- YOUR ASSIGNMENT -
Word for word, restate the lines of the material below from its first line through the one containing "Dam: Whiteside's Miracle". Omit the rest.

- INFORMATION PROVIDED -
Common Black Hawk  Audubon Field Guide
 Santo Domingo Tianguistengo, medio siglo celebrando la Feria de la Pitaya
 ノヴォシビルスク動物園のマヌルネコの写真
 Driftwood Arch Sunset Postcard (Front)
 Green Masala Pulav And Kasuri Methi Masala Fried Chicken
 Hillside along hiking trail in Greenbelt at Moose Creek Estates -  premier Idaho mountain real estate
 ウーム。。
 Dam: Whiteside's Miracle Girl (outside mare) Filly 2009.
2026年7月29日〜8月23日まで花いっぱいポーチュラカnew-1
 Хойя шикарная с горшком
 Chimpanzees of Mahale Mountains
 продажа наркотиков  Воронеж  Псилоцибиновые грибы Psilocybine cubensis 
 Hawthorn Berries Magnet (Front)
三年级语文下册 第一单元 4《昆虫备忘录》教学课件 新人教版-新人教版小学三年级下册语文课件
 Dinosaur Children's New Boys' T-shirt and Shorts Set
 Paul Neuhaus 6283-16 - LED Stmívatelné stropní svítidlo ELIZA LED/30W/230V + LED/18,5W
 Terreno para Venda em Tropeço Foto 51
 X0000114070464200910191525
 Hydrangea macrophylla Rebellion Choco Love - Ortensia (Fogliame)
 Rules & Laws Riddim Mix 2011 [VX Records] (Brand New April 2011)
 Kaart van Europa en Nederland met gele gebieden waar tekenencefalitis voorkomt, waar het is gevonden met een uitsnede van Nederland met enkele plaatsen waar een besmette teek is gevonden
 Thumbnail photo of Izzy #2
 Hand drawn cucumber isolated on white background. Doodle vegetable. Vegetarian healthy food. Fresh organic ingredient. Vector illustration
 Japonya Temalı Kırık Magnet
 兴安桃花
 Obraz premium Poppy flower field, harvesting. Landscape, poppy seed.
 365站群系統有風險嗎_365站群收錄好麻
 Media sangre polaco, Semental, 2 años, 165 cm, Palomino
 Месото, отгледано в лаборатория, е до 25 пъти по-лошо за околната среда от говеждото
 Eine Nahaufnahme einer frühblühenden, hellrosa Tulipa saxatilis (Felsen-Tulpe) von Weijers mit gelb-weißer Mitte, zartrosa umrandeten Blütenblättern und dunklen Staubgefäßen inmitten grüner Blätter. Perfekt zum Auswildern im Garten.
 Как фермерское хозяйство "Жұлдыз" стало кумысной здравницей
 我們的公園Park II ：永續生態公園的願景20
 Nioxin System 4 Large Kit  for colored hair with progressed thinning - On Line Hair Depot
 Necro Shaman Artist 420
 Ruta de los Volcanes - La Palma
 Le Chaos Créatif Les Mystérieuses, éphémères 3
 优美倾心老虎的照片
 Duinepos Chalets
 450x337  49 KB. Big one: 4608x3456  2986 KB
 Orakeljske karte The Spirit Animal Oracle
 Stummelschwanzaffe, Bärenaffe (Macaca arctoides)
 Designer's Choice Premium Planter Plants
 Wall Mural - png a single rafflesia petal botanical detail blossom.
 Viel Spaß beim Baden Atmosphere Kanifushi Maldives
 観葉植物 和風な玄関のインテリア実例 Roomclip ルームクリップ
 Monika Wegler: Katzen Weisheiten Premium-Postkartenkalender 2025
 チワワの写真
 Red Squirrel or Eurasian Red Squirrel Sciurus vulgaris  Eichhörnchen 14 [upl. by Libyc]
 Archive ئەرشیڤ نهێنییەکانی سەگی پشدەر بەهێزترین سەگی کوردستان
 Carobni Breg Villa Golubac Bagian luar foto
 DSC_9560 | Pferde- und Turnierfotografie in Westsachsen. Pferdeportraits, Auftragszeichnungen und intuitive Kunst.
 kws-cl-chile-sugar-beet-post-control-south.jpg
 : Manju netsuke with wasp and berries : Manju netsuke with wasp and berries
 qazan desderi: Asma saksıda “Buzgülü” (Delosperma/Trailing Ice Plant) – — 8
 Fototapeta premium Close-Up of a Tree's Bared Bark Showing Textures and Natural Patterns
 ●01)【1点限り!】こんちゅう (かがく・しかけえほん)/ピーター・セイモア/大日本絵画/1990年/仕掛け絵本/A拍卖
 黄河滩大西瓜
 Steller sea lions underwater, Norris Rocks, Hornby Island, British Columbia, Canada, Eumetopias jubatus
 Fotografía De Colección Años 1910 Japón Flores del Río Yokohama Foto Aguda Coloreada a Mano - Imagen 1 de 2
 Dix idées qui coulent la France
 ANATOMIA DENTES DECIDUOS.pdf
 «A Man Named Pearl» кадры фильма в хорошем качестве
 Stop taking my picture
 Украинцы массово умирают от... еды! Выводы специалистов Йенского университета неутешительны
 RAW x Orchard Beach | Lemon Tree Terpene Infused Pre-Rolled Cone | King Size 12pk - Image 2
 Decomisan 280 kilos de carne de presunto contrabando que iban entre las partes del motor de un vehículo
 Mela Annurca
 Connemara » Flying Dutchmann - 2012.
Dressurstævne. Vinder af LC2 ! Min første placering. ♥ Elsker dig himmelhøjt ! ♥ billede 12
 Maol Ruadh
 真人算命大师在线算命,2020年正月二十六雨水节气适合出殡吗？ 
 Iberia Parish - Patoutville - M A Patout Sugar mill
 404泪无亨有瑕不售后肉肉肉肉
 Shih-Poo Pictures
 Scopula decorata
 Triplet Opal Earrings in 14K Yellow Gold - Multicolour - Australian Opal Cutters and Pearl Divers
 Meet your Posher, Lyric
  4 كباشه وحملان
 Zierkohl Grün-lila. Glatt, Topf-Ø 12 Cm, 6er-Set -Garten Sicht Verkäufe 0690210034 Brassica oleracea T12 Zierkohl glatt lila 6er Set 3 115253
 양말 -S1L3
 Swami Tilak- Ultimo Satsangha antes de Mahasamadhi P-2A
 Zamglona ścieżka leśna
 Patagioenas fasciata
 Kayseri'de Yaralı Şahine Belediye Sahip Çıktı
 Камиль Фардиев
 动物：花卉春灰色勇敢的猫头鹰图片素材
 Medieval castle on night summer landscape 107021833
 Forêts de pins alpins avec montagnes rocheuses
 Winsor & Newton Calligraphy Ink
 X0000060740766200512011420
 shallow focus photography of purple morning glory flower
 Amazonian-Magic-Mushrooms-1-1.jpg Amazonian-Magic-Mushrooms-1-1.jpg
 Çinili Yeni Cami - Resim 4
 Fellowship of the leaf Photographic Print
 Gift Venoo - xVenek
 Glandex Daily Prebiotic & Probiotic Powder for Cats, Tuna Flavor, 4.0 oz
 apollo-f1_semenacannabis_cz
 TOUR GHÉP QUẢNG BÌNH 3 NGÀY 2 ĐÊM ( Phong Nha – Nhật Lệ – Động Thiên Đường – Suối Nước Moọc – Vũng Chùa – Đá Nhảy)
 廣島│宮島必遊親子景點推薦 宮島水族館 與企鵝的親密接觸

- OUTPUT OF THE EXERCISE -
Common Black Hawk  Audubon Field Guide
 Santo Domingo Tianguistengo, medio siglo celebrando la Feria de la Pitaya
 ノヴォシビルスク動物園のマヌルネコの写真
 Driftwood Arch Sunset Postcard (Front)
 Green Masala Pulav And Kasuri Methi Masala Fried Chicken
 Hillside along hiking trail in Greenbelt at Moose Creek Estates -  premier Idaho mountain real estate
 ウーム。。
 Dam: Whiteside's Miracle Girl (outside mare) Filly 2009.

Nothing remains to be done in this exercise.